Les centres commerciaux n'auront aucun mal à attirer les foules aujourd'hui. Le reste de l'année, c'est une autre histoire. La popularité du commerce en ligne n'affecte pas que les détaillants, elle a aussi un impact sur ceux qui leur louent de l'espace.

Le phénomène est particulièrement frappant aux États-Unis. Des centres commerciaux à l'agonie ou carrément fermés, parfois rasés pour faire place à des tours résidentielles ou, ironiquement, occupés par des centres de traitement de données. D'ici 10 ans, environ 15 % des centres commerciaux américains auront mis la clé sous la porte ou auront une autre vocation que le commerce de détail, estime la firme de consultants en immobilier Green Street Advisors.

La situation est moins spectaculaire au Canada, mais le nombre de pieds carrés de magasin par habitant a quand même diminué de 8 % entre 2008 et 2012, a calculé le professeur de marketing Jacques Nantel, de HEC-Montréal. Et la baisse d'affluence se ressent ici aussi. Le vieillissement de la population et le peu de marge de manoeuvre des consommateurs (en particulier au Québec, où le pouvoir d'achat a reculé l'an dernier) n'aident pas non plus.

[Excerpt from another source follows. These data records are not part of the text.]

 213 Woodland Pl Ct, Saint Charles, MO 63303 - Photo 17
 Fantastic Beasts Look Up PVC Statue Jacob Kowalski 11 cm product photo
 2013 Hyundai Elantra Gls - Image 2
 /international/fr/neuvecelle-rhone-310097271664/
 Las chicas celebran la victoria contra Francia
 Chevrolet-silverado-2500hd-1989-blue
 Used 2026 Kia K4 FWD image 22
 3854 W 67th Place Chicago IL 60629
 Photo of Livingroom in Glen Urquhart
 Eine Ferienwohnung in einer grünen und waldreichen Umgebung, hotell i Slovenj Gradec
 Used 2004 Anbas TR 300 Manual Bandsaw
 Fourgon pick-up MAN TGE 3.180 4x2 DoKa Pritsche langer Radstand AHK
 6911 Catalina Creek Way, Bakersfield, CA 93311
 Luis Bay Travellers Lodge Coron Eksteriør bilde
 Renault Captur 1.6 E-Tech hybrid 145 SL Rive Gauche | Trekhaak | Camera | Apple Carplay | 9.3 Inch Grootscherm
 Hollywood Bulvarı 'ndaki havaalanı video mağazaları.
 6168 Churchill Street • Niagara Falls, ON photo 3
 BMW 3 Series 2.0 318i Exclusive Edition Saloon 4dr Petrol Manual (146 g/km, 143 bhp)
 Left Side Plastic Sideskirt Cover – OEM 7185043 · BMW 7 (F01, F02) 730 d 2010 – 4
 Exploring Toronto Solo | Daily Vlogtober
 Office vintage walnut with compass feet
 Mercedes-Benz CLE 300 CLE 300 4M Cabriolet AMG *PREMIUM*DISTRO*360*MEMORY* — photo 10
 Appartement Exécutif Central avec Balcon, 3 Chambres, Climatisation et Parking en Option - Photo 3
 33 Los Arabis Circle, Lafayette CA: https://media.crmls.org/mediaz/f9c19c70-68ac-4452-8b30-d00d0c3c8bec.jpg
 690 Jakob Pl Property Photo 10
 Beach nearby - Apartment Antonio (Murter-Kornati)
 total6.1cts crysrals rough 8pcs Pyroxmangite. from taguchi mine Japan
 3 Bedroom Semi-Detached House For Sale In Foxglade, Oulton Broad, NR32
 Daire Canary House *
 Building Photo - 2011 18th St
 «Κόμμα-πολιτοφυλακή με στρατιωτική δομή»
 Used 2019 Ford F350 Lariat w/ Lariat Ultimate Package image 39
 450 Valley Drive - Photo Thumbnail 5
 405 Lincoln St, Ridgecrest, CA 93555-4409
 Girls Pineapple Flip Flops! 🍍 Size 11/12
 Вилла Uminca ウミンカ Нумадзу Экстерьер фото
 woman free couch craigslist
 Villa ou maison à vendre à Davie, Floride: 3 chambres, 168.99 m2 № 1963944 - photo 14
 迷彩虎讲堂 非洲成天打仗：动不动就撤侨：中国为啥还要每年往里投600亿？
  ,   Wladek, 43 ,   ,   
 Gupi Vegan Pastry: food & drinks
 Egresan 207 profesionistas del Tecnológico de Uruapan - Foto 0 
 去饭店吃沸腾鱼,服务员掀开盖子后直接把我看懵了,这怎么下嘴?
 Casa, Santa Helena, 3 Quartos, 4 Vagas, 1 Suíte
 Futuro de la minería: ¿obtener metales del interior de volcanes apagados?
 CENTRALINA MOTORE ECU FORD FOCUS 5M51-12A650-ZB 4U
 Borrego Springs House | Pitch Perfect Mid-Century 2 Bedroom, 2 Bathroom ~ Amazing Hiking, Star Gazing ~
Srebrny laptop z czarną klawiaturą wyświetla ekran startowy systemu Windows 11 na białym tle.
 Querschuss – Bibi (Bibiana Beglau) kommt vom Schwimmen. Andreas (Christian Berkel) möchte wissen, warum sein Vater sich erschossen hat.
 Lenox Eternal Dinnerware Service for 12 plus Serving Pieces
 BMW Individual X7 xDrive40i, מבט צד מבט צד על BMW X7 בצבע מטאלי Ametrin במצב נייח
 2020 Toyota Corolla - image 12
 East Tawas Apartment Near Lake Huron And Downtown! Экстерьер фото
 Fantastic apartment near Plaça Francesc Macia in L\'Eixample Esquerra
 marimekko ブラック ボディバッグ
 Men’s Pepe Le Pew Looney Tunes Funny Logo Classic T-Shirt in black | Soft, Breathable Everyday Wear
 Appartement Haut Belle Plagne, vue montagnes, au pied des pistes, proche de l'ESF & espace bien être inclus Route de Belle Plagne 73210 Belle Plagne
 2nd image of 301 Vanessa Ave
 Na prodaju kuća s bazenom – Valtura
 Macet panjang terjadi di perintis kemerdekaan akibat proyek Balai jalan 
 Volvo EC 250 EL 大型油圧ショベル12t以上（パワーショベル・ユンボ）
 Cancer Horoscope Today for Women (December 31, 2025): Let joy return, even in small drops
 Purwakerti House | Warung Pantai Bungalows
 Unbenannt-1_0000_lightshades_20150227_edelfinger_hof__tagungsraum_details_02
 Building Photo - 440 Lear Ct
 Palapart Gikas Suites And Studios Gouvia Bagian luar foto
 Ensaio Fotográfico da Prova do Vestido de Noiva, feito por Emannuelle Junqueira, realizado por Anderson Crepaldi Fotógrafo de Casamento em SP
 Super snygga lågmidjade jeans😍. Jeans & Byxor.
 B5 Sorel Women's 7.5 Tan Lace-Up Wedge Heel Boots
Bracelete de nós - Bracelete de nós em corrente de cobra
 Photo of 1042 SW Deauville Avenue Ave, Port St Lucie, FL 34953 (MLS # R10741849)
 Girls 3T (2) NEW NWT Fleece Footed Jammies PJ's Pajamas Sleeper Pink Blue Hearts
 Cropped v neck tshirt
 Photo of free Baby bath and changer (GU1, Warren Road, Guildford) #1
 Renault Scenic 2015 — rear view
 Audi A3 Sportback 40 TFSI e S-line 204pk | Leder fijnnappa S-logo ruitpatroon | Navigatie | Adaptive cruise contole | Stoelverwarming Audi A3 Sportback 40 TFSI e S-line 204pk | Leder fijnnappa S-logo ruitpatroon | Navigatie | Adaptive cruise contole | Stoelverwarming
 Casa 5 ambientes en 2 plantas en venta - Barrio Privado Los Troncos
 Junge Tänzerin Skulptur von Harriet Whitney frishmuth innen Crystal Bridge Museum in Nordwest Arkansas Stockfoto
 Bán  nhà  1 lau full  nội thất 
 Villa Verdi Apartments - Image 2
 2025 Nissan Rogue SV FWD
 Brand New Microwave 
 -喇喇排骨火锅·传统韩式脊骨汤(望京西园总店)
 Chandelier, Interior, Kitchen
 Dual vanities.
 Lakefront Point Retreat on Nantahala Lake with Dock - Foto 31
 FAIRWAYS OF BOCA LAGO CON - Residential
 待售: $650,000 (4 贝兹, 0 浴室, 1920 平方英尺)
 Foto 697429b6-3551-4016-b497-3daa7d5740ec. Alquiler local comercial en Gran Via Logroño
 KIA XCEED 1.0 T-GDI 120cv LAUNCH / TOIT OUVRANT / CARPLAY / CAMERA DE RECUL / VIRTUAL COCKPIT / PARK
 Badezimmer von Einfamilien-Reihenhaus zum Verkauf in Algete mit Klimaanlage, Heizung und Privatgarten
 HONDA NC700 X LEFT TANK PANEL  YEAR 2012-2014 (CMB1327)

Certes, les ventes au détail ont augmenté de 3,6 % depuis un an - et c'était à la fin octobre, avant la lucrative période des Fêtes. Sauf qu'une partie de cette croissance est due aux ventes sur l'internet, donc à des achats qui ne se font pas en magasin.

Aux États-Unis, où l'on s'attend à ce que le commerce en ligne rafle plus de 8 % des ventes au détail d'octobre à décembre, les centres commerciaux font des pieds et des mains pour attirer de la clientèle. Cela va de la patinoire extérieure à des dons de charité en passant par l'emballage, la livraison ou le transport gratuits. Le service qui a cependant le plus de chances d'amener des consommateurs toute l'année est le centre de collecte, où ils récupèrent leurs achats... effectués sur l'internet. « Cela permet d'inviter les gens à aller au mail et à prendre note des promotions et de vraiment canaliser les achats », témoigne Marie-Andrée Boutin, vice-présidente immobilier du Groupe ALDO, qui compte près de 1400 points de vente en Amérique du Nord, dont 1000 aux États-Unis.

Ici, à part quelques SmartCentres qui testent la formule dans la région de Toronto, le service est surtout offert par des détaillants. Wal-Mart, par exemple, le fait dans une dizaine d'endroits en Ontario; ALDO dans de nombreux points de vente au pays. La manière a changé, mais l'idée est vieille comme le commerce : faire entrer le client en espérant qu'il soit tenté d'acheter.

Sears, Future Shop et Best Buy ont fermé des succursales au Canada; ils ne seront pas les derniers. Le paysage des centres commerciaux est appelé à changer, certains s'en tireront mieux que d'autres.

À terme, toutefois, la présence physique des magasins, qu'il soient dans un centre ou aient pignon sur rue, pourrait bien devenir leur principal avantage concurrentiel contre des commerces en ligne sans visage, comme Amazon. À condition, bien sûr, qu'ils soient capables de se réinventer et de devancer les attentes des consommateurs.